ピアノを渡る

詩一

𝄞𝄚𝄚𝄚 大きな一歩を踏み出した

 音符が漂う海の上には、白と黒の鍵盤が並んでいた。

 透明な青と濁った青が交わる線まで、鍵盤は続いている。この上を走って行ったら、どこに辿り着けるのだろう。

 わたしは自分がまだ青かったときからずっとそう思っていて、赤くなった今でもその思いは変わらなかった。

 いや、むしろ大きくなってさえいる。幼いころから一緒だったイオ。その、信じていた人が、白くなってしまったから。


 大きく深呼吸をして、砂浜へと降りた。やわらかくきめの細かい白い砂が指と指の間を滑りぬけていく。太陽が染み込んだ砂は温かかった。


 鍵盤を前にもう一度深呼吸。足を掛ける。

 わたしがゆっくりと体重を預けると、足の三倍ほどの幅を持つ鍵盤は、ゆっくりゆっくり沈み込んだ。先端からぬるりと海水が流れ込む。水の中にはたくさんの音符があった。ハンモックの上で眠るみたいに、ゆらゆらと揺れている。こうして見ている分には、なにも怖くない。けれど、しばらく足を海水に付けていると、水の中の音符たちがふよふよと泳ぎ始め、足の近くに寄って来た。

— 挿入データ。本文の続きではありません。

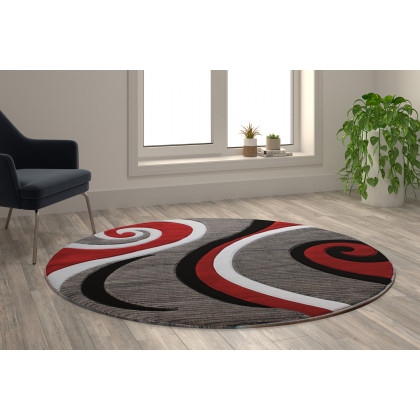 BLNK Athos Collection Abstract Olefin Area Rug with Jute Backing - Red, 5'W x 5'L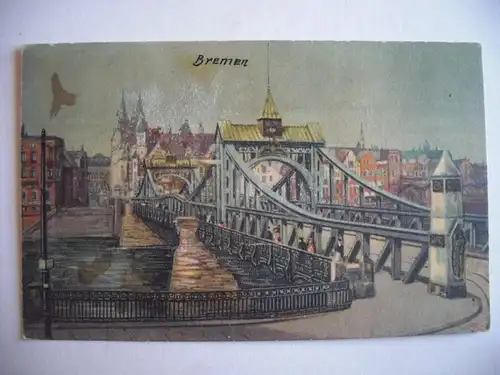 Alte AK Bremen Große Weserbrücke (fleckig u. berieben) [T474]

 わたしは慌てて体重を砂浜に戻した。すると、鍵盤はまたゆっくりと上がり、水はちゃぷんという清涼な和音を立てて海へと戻っていった。鍵盤の上には音符もなく元通りだ。


 さて。

 今ならまだ引き返すこともできる。まだ誰にもなにも告げていないから。いつも通りの生活に戻れる。けれど、わたしが赤くなったことも、イオが白くなったことも、覆せない。それに、彼はあろうことか、わたしを桃色にしようと企んでいるのだ。

 お父さんもお母さんも仕方のないことだと言っていた。むしろそうあるべきだ、イオに感謝すべきだ、と。

 でもそんなのは嫌だ。わたしは青のままでいたかった。それが叶わないなら、せめて赤を貫きたかった。そんなわたしの気持ちを知っていながらに、イオは桃色にしたいらしいのだ。


 はじめは、わたしも仕方ないと思っていた。この街に居る以上運命を拒むことは困難で、街を出たくてもここ以外に生きていける場所が在るのかわからないから出ることもできない。けれども在った。それが証明された。


 異邦人。

 シプスと名乗るその人はボウケンシャで、海の向こう側からやってきたのだと言った。

 海の向こうに世界がある。

 ピアノを渡るための勇気は、それだけで充分に得られた。


「ピアノを渡る」


 口に出してみる。できそうな気がする。

 わたしはうしろにさがり、助走をつけ、大きな一歩を踏み出した。